The Science of Discworld
- Authors: Terry Pratchett, Ian Stewart & Jack Cohen
- Cover artist: Paul Kidby
- Language: English
- Series: Discworld 1st science novel
- Subject: Human history Evolution Characters Rincewind, Unseen University Staff Locations Unseen University, Roundworld
- Genre: Fantasy
- Published: 1999 (Ebury Press)
- ISBN: 978-0091865153
- Followed by: The Science of Discworld II: The Globe

= The Science of Discworld =

1999 book by Terry Pratchett, Ian Stewart and Jack Cohen

The Science of Discworld is a 1999 book by novelist Terry Pratchett and popular science writers (and University of Warwick science researchers) Ian Stewart and Jack Cohen. Three sequels, The Science of Discworld II: The Globe, The Science of Discworld III: Darwin's Watch, and The Science of Discworld IV: Judgement Day, have been written by the same authors.

Following publication of the first book in 1999 Terry Pratchett made both Jack Cohen and Professor Ian Stewart "Honorary Wizards of the Unseen University" at the same ceremony at which the University of Warwick gave Terry Pratchett an honorary degree.

The book alternates between a typically absurd Discworld story and serious scientific exposition after each chapter.

The cover of the book, designed by Paul Kidby, is a parody of the 1768 painting "An Experiment on a Bird in the Air Pump" by Joseph Wright of Derby.

==Plot summary==

The Discworld part of the book begins when a new experimental power source for the Unseen University is commissioned in the university's squash court. The new "reactor" is capable of splitting the thaum (the basic particle of magic), in homage to the Chicago Pile-1 nuclear reactor, which was housed in a rackets court at the University of Chicago.

However, the wizards' new reactor produces vastly more magical energy than planned and threatens to explode, destroying the University, the Discworld, and the entire universe.

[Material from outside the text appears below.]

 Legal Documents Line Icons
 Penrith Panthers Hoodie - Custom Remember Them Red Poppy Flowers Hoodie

The university's thinking engine, Hex, decides to divert all the magic into creating a space containing nothing—no matter, no energy, no reality, and, importantly, no magic. The Dean sticks his fingers in the space and "twiddles" them, inadvertently creating the universe. The wizards soon discover that they can move things around in the universe, using Hex. They call it the Roundworld (the Earth), because in it, matter seems to accrete into balls in space (instead of discs on the backs of turtles). They decide to appoint Rincewind, whom they dragged out of bed in the early hours of the morning, the Egregious Professor of Cruel and Unusual Geography, and send him down (against his will) to investigate this strange world.

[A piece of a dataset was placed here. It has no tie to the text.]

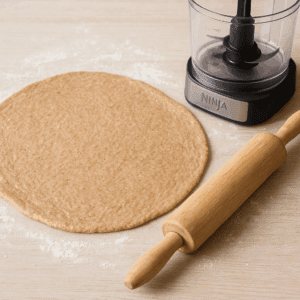 Rolled-out whole wheat pizza dough next to the Ninja Compact dough blade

The wizards create a series of balls of matter in space, and give one of them a Moon (accidentally). This stabilizes the ball enough that, over a score of millennia (the wizards can skip over vast periods of Roundworld time, allowing them to view the history of the universe in less than a month), blobs of life emerge, ready to begin evolving into more complex forms. The book also features a fictional crab civilization and the dinosaurs (both of which are wiped out by comets/asteroids colliding with the earth), before jumping ahead to when an advanced civilization (presumably humans) has evacuated the earth due to an impending natural disaster.

==Ideas and themes==

The science centres on the origins of the universe, earth and the beginnings of life, the fiction on the creation of a world (the Earth) in a jar. One of the themes is that most scientific explanations are in reality a good deal more complicated than most of us realize. It is explained that this is because their teachers use Lies-To-Children or, in Ponder Stibbons' case, Lies-To-Wizards.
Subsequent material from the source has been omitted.